Would you write out the lines from the one containing "In My Assistant" to the end of the records below, exactly and in full, please?

----

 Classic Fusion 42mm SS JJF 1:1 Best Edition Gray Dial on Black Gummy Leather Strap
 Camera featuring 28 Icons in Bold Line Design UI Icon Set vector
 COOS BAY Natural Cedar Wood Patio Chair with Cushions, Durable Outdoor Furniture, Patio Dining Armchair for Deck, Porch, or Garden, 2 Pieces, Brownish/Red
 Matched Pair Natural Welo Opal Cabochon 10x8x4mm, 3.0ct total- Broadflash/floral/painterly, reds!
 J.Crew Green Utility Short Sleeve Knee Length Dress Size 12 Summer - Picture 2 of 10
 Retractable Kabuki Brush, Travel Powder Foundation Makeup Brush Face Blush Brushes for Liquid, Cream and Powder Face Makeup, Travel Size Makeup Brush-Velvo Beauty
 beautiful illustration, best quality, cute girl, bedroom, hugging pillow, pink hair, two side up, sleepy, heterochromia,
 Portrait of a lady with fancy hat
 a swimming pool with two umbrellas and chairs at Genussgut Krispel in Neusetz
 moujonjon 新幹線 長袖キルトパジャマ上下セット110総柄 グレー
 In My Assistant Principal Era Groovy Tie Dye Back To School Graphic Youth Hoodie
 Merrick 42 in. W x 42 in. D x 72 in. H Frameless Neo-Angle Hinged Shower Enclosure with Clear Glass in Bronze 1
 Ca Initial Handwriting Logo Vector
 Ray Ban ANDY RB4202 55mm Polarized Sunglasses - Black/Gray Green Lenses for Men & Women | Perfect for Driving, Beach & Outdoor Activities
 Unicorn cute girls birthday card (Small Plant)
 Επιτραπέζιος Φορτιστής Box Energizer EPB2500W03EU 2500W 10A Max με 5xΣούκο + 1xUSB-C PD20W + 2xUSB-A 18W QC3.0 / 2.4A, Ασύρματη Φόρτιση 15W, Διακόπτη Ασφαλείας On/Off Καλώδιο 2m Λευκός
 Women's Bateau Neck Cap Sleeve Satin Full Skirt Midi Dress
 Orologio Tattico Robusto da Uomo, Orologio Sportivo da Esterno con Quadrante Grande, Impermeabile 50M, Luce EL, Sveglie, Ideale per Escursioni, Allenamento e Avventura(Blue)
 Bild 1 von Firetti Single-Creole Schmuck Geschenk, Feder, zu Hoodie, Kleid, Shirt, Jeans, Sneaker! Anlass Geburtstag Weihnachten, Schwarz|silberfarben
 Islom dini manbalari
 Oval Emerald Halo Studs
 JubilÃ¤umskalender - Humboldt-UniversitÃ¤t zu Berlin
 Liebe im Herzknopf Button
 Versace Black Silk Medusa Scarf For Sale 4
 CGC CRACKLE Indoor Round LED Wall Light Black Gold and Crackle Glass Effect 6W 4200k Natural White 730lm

----

• RESULT OF THIS EXERCISE:
 In My Assistant Principal Era Groovy Tie Dye Back To School Graphic Youth Hoodie
 Merrick 42 in. W x 42 in. D x 72 in. H Frameless Neo-Angle Hinged Shower Enclosure with Clear Glass in Bronze 1
 Ca Initial Handwriting Logo Vector
 Ray Ban ANDY RB4202 55mm Polarized Sunglasses - Black/Gray Green Lenses for Men & Women | Perfect for Driving, Beach & Outdoor Activities
 Unicorn cute girls birthday card (Small Plant)
 Επιτραπέζιος Φορτιστής Box Energizer EPB2500W03EU 2500W 10A Max με 5xΣούκο + 1xUSB-C PD20W + 2xUSB-A 18W QC3.0 / 2.4A, Ασύρματη Φόρτιση 15W, Διακόπτη Ασφαλείας On/Off Καλώδιο 2m Λευκός
 Women's Bateau Neck Cap Sleeve Satin Full Skirt Midi Dress
 Orologio Tattico Robusto da Uomo, Orologio Sportivo da Esterno con Quadrante Grande, Impermeabile 50M, Luce EL, Sveglie, Ideale per Escursioni, Allenamento e Avventura(Blue)
 Bild 1 von Firetti Single-Creole Schmuck Geschenk, Feder, zu Hoodie, Kleid, Shirt, Jeans, Sneaker! Anlass Geburtstag Weihnachten, Schwarz|silberfarben
 Islom dini manbalari
 Oval Emerald Halo Studs
 JubilÃ¤umskalender - Humboldt-UniversitÃ¤t zu Berlin
 Liebe im Herzknopf Button
 Versace Black Silk Medusa Scarf For Sale 4
 CGC CRACKLE Indoor Round LED Wall Light Black Gold and Crackle Glass Effect 6W 4200k Natural White 730lm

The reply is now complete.